Giorgio de Chirico
Episode #10 of the course “Great surrealist painters of all time”
Italian painter Giorgio de Chirico, born in 1888, did not consider himself a Surrealist, but his dark and “metaphysical” style certainly inspired a generation of artists. He was interested in the nature of reality, and he read deeply into philosophy and psychology to interpret those thoughts into fantastical images.

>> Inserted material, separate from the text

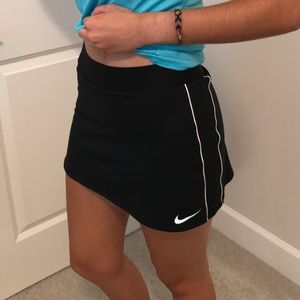 nike women’s black tennis shirt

The Enigma of an Autumn Afternoon
After studying art in Munich and Italy, Giorgio de Chirico painted The Enigma of an Autumn Afternoon, which debuted in 1911. The use of haunting statues and mysterious shadows would become recurring themes in his work, and his technique of flat lines and interesting perspectives would become integral to the artists he inspired. De Chirico sold his first painting, The Red Tower, in 1913 and exhibited throughout Europe.
The Red Tower
Throughout World War I de Chirico served in the Italian Army and his work evolved into its Metaphysical style. His most famous paintings, such as Love Song and The Disquieting Muses, were from this time period. The sharp shadows and features of the statues seemed to speak to people as much about the times and social consciousness as about the personal aspects of de Chirico’s work itself. His combination of technological with natural scenes, such as in The Joy of Return, earned later reviews as being “in love with the enigma.”
The Joy of Return
In his later career, de Chirico broke with the Surrealists and focused on painting a more Neoclassical form and style. He experimented with different media, including book illustration and sculpture, but never received the same acclaim as before. De Chirico was bitter, and when art pieces he fraudulently signed made their way into the market, his reputation was damaged. He never fully recovered from the scandal before he died in Rome in 1978.